## What the task asks
Leave the pictures out and restate each entry below word for word.

Dataset records:
____

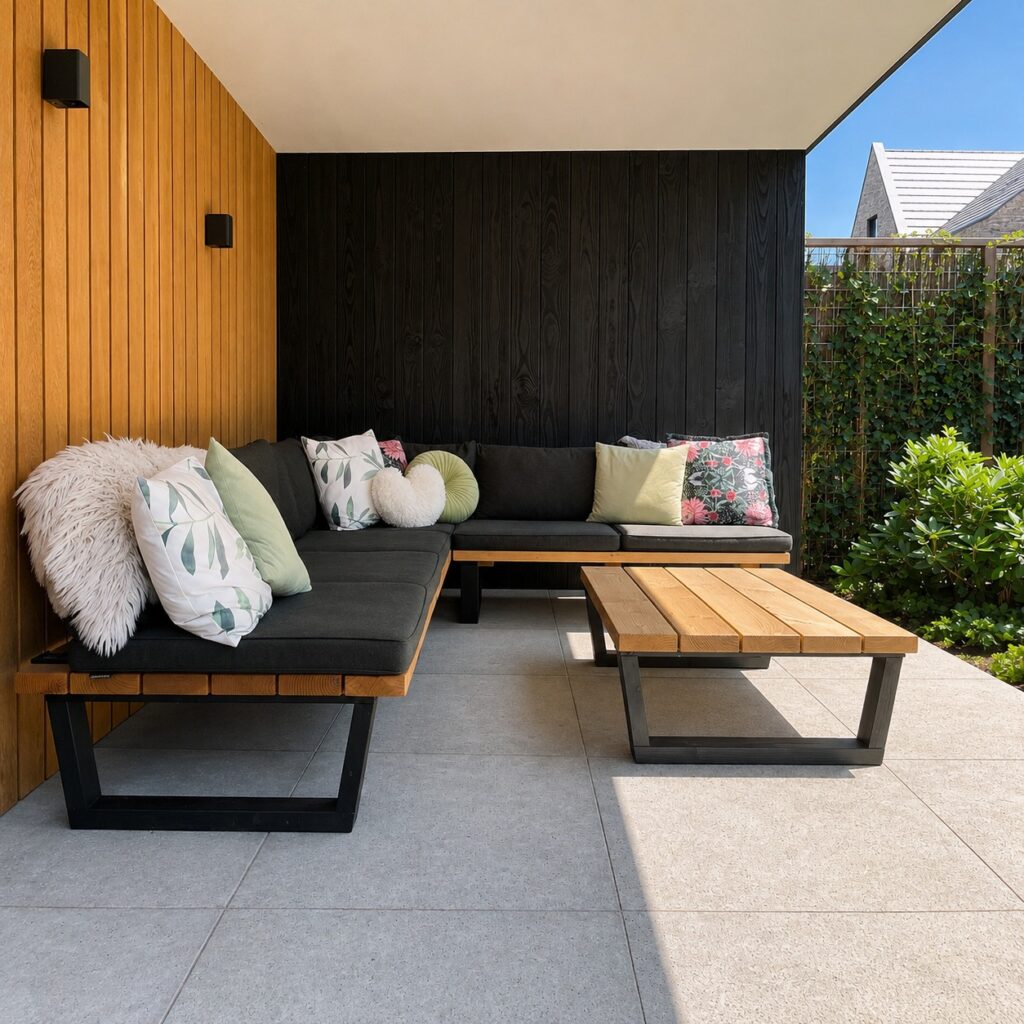 Loungeset van douglas 6 personen met loungekussens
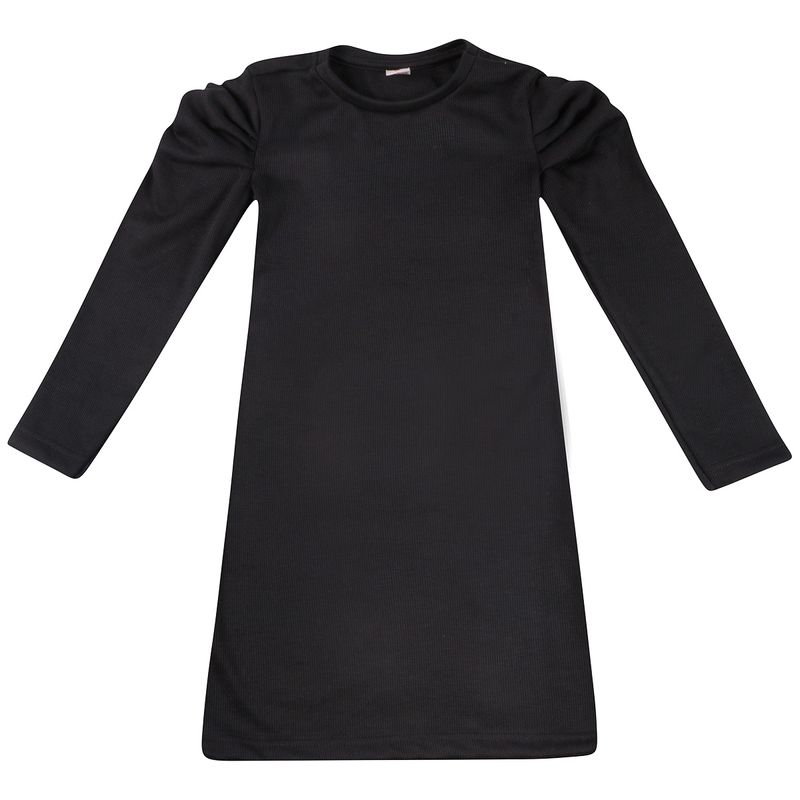 Vestido-Manga-Longa-Infantil-Plissada-Preto---Yeapp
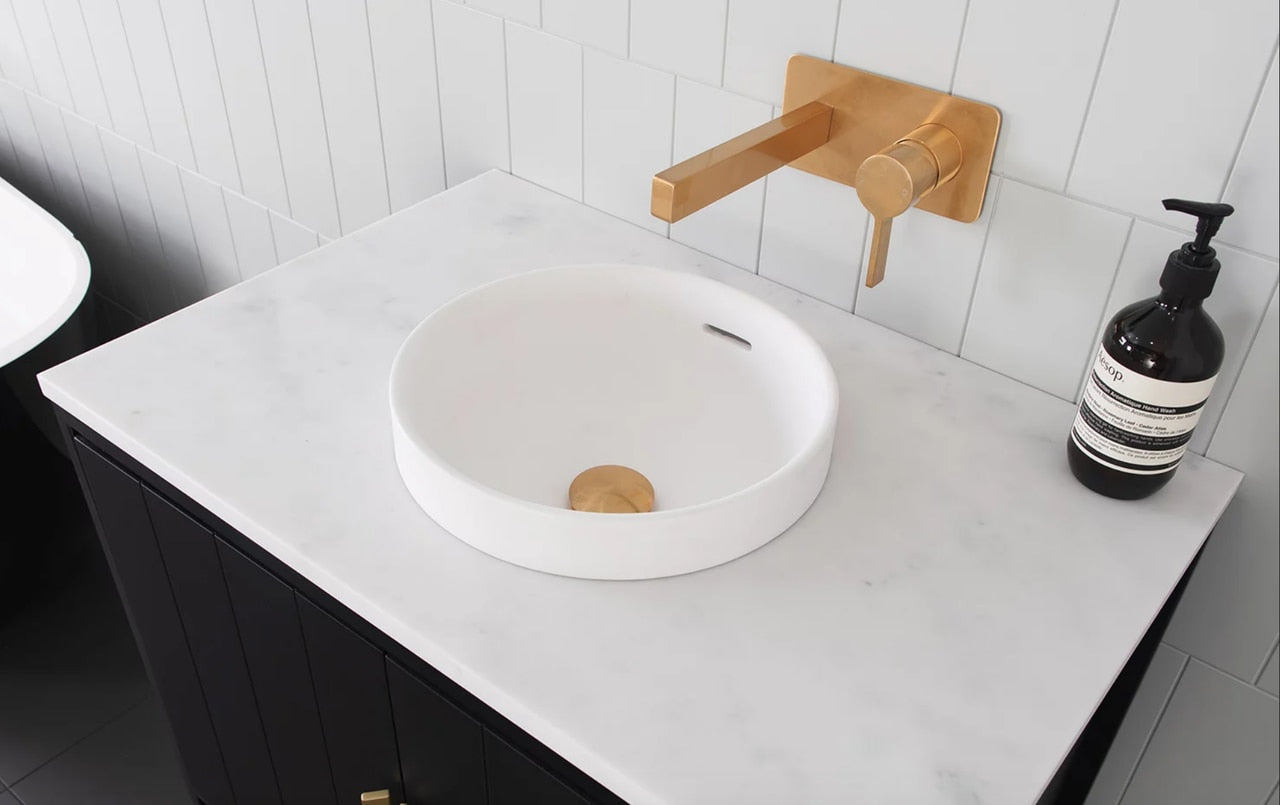 Ivy Floor Mount Vanity 1500 Left Offset Bowl Cherry Pie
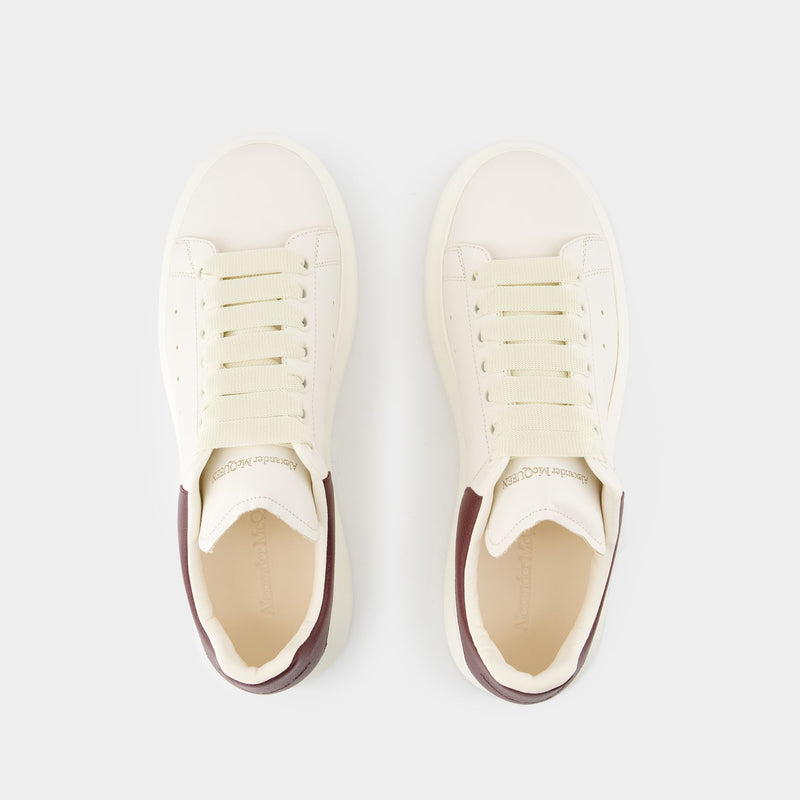 Sneakers Oversize - Alexander McQueen - Cuir - Blanc/Bordeaux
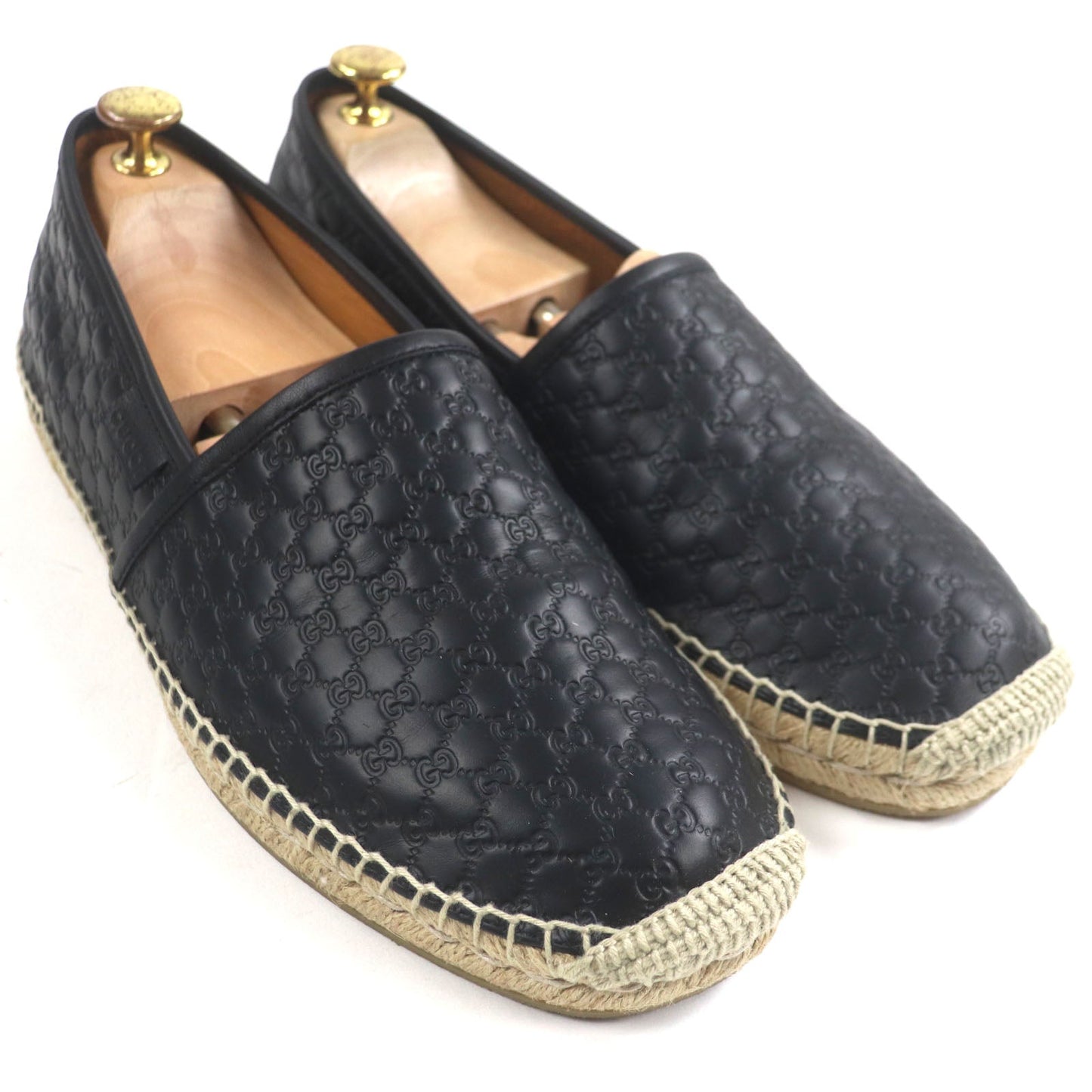 Gucci Slip-on Micro GG Shima Leather Espadrilles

____

## Output below
 Loungeset van douglas 6 personen met loungekussens
 Vestido-Manga-Longa-Infantil-Plissada-Preto---Yeapp
 Ivy Floor Mount Vanity 1500 Left Offset Bowl Cherry Pie
 Sneakers Oversize - Alexander McQueen - Cuir - Blanc/Bordeaux
 Gucci Slip-on Micro GG Shima Leather Espadrilles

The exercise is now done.